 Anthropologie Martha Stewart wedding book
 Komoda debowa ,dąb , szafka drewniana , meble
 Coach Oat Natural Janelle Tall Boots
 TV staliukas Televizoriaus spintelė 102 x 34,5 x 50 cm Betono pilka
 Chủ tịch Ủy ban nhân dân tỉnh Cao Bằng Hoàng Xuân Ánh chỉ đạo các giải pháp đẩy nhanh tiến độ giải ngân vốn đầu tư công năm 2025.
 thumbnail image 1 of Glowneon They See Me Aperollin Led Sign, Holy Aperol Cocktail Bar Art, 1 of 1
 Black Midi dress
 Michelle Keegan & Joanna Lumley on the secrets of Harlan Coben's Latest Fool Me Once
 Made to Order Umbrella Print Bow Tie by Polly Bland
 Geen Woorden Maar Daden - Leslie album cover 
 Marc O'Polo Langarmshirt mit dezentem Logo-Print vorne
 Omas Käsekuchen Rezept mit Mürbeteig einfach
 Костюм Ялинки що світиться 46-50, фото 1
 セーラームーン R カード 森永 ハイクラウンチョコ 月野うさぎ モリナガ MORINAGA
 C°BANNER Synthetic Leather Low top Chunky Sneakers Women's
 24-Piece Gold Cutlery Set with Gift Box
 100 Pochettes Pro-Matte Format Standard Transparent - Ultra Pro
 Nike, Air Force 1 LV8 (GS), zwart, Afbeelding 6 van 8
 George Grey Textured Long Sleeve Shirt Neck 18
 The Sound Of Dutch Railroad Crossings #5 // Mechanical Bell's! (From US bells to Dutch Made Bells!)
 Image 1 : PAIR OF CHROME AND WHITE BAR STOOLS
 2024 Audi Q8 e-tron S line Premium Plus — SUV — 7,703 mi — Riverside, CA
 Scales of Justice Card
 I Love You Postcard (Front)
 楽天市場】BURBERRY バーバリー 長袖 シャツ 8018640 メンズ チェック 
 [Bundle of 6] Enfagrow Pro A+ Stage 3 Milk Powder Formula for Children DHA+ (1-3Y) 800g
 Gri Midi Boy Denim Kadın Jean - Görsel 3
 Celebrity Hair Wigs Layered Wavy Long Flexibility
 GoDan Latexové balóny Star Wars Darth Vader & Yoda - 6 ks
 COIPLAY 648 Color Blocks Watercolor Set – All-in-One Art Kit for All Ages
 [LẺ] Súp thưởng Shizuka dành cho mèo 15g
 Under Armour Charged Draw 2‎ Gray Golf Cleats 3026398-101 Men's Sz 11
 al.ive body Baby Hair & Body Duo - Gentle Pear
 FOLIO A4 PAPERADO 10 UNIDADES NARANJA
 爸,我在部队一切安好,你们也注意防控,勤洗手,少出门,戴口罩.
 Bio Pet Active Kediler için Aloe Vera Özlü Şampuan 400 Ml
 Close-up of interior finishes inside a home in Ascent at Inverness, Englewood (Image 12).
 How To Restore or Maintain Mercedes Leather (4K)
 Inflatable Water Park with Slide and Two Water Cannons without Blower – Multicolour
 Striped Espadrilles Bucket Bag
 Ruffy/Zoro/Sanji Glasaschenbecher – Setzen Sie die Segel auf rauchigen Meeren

[EXERCISE DESCRIPTION] Please give the listing above one more time, exactly as it reads.

[EXERCISE SOLUTION]
 Anthropologie Martha Stewart wedding book
 Komoda debowa ,dąb , szafka drewniana , meble
 Coach Oat Natural Janelle Tall Boots
 TV staliukas Televizoriaus spintelė 102 x 34,5 x 50 cm Betono pilka
 Chủ tịch Ủy ban nhân dân tỉnh Cao Bằng Hoàng Xuân Ánh chỉ đạo các giải pháp đẩy nhanh tiến độ giải ngân vốn đầu tư công năm 2025.
 thumbnail image 1 of Glowneon They See Me Aperollin Led Sign, Holy Aperol Cocktail Bar Art, 1 of 1
 Black Midi dress
 Michelle Keegan & Joanna Lumley on the secrets of Harlan Coben's Latest Fool Me Once
 Made to Order Umbrella Print Bow Tie by Polly Bland
 Geen Woorden Maar Daden - Leslie album cover 
 Marc O'Polo Langarmshirt mit dezentem Logo-Print vorne
 Omas Käsekuchen Rezept mit Mürbeteig einfach
 Костюм Ялинки що світиться 46-50, фото 1
 セーラームーン R カード 森永 ハイクラウンチョコ 月野うさぎ モリナガ MORINAGA
 C°BANNER Synthetic Leather Low top Chunky Sneakers Women's
 24-Piece Gold Cutlery Set with Gift Box
 100 Pochettes Pro-Matte Format Standard Transparent - Ultra Pro
 Nike, Air Force 1 LV8 (GS), zwart, Afbeelding 6 van 8
 George Grey Textured Long Sleeve Shirt Neck 18
 The Sound Of Dutch Railroad Crossings #5 // Mechanical Bell's! (From US bells to Dutch Made Bells!)
 Image 1 : PAIR OF CHROME AND WHITE BAR STOOLS
 2024 Audi Q8 e-tron S line Premium Plus — SUV — 7,703 mi — Riverside, CA
 Scales of Justice Card
 I Love You Postcard (Front)
 楽天市場】BURBERRY バーバリー 長袖 シャツ 8018640 メンズ チェック 
 [Bundle of 6] Enfagrow Pro A+ Stage 3 Milk Powder Formula for Children DHA+ (1-3Y) 800g
 Gri Midi Boy Denim Kadın Jean - Görsel 3
 Celebrity Hair Wigs Layered Wavy Long Flexibility
 GoDan Latexové balóny Star Wars Darth Vader & Yoda - 6 ks
 COIPLAY 648 Color Blocks Watercolor Set – All-in-One Art Kit for All Ages
 [LẺ] Súp thưởng Shizuka dành cho mèo 15g
 Under Armour Charged Draw 2‎ Gray Golf Cleats 3026398-101 Men's Sz 11
 al.ive body Baby Hair & Body Duo - Gentle Pear
 FOLIO A4 PAPERADO 10 UNIDADES NARANJA
 爸,我在部队一切安好,你们也注意防控,勤洗手,少出门,戴口罩.
 Bio Pet Active Kediler için Aloe Vera Özlü Şampuan 400 Ml
 Close-up of interior finishes inside a home in Ascent at Inverness, Englewood (Image 12).
 How To Restore or Maintain Mercedes Leather (4K)
 Inflatable Water Park with Slide and Two Water Cannons without Blower – Multicolour
 Striped Espadrilles Bucket Bag
 Ruffy/Zoro/Sanji Glasaschenbecher – Setzen Sie die Segel auf rauchigen Meeren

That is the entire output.